Bordwell and Thompson’s criticisms
Bordwell and Thompson’s criticisms of the use of the first 1800s of a film as a sample form part of a larger critique of Salt’s Film Style and Technology: History and Analysis (1992; originally published 1983) published in the Quarterly Review of Film Studies in 1985. Their rejection of Salt’s method rests on the fact that their own values for the mean shot lengths for some films differ from those of Salt – and as such they regard this approach as unreliable and likely to result in mistaken conclusions with regard to the history of film style. These differences are presented in Table 1.

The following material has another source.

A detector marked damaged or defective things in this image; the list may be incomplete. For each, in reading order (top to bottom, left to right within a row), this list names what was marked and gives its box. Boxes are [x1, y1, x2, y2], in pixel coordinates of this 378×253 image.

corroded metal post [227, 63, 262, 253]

Table 1 Average shot lengths from Salt and Bordwell and Thompson
There are numerous problems with Bordwell and Thompson’s crticisism. First, they present measures of location without the context of sample sizes and/or measures of dispersion (variance, standard deviation, range, interquartile range – c.f. Buckland 2006). Second, where mean shot lengths are presented they are presented without confidence intervals or any other measures of sampling error. Third, the use of the mean shot length for skewed distributions with outlying data points is suspect and it is not apparent that differences between sample and population means will reflect actual differences in the distributions – a handful of very long shots can have a dramatic impact on the mean, and if these shots are not evenly distributed throughout a film they will lead to the mean being incorrectly estimated. Using the sample and population median shot lengths could avoid this problem altogether. This is not discussed. Fourth, no statistical tests are employed in determining if the differences between sample and population means observed are actual differences or if they are simply noise in the data. Salt’s figures were cited as being unreliable simply by virtue of the fact that they were different from Bordwell and Thompson’s. In their discussion of Salt’s results for Soviet cinema, Bordwell and Thompson state that Salt’s values are ‘significantly inaccurate’ (1985: 230). The term ‘significant’ has particular meaning in statistics relating to the probability of making a Type I error (a false positive – saying there is a statistically significant difference when, in fact, there is not). Bordwell and Thompson do not appear to be using ‘significant’ in this sense – even though they are discussing the difference between two averages. In what sense Salt’s figures are ‘significantly inaccurate’ is not clear, and there are no tests (t-test, Mann-Whitney U test) to support this argument.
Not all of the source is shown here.